Before invoking the workflow

  1. Apply the two structural §3 fixes first — they are cheap and prevent silent breakage:
    • Repos factory.ts race: split into parallel-repo-files + sequential-aggregator.
    • Tests skip-as-pass: return testsSkipped and have VerifyGate fail on skip.
  2. Confirm a clean working tree on the repo (Preflight will STOP otherwise — line 90) and that origin is fetched.
  3. Confirm branch state: if feat/pg-money-core-migration already exists, verify it has no stray uncommitted work (PREFLIGHT_BRANCH_ALREADY_EXISTS).
  4. Provide an ephemeral local test PG (container/throwaway) so money-safety tests actually run instead of skipping. If you cannot, accept that VerifyGate (post-fix) will refuse to commit.
  5. Verify parallel-agent scope is disjoint — per repo memory, the moojttaba agent pushes to the same branches. Ensure it is NOT touching user/payment/points/marketplace domains or backend/src/db/repositories/factory.ts.
  6. Set no production env vars in the harness shell. Ensure PG_URL (if set) and MIGRATION_PG_URL point only at local/staging.

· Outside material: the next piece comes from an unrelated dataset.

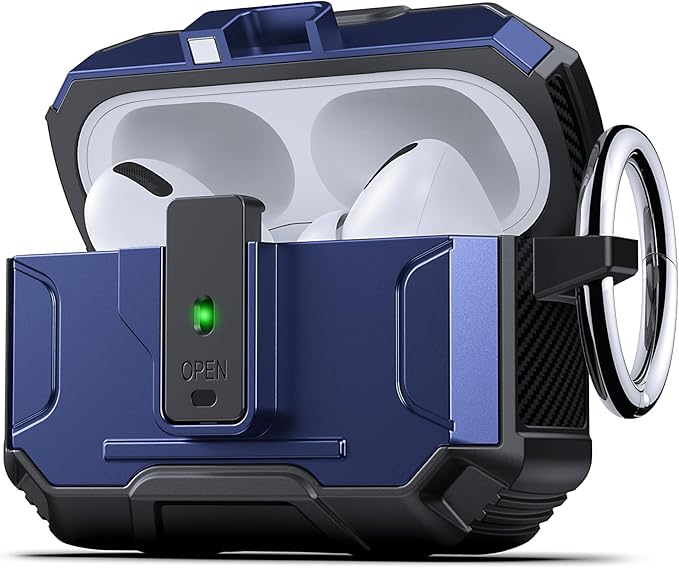 DASFOND Armor Earphone Cover Case for Airpods Pro, Military Grade Full Body Shockproof Protection Hard Case, Support Wireless Charging with Keychain, Magnetic Lid, Front LED Visible, Blue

Gates enforced during the run

  • VerifyGate commits only on green typecheck + tests; otherwise leaves work uncommitted with verbatim blockers (lines 216217). Trust this — but read the blockers array.
  • (After §3) VerifyGate also fails on version-bump diff, skipped tests, and missing partial-WHERE/CHECK in generated SQL.

After the run — human reviews REQUIRED before anything leaves the branch

  1. Read selfAudit.verdict and selfAudit.mustFixBeforeBackfill (lines 222248). Do not proceed if unsafe or non-empty must-fix.
  2. Code-review the generated schema for: partial-unique WHERE clauses, ledger immutability enforcement, Mixed-id CHECK constraints, numeric (no float), and db.transaction(...) around payment+ledger / referral / dispute writes.
  3. Confirm package.json version is unchanged and the lockfile situation is understood (update lockfiles + run npm/yarn audit at integration time, not in this workflow).

STAYS HUMAN-ONLY (workflow must never do these — and does not)

  • Running any backfill against real/staging data. Scripts are artifacts; a human runs them, in dependency order, against a whitelisted non-prod DSN, with --dry-run first and checksum verification after each step (use the §3 runbook).
  • Cutover / flipping any mongo|dual|pg rollout flag.
  • Pushing the branch, opening/merging a PR, tagging v* — any of which can trigger CI/deploy. Cherry-pick reviewed changes into a proper feature branch if needed; never push feat/pg-money-core-migration to main.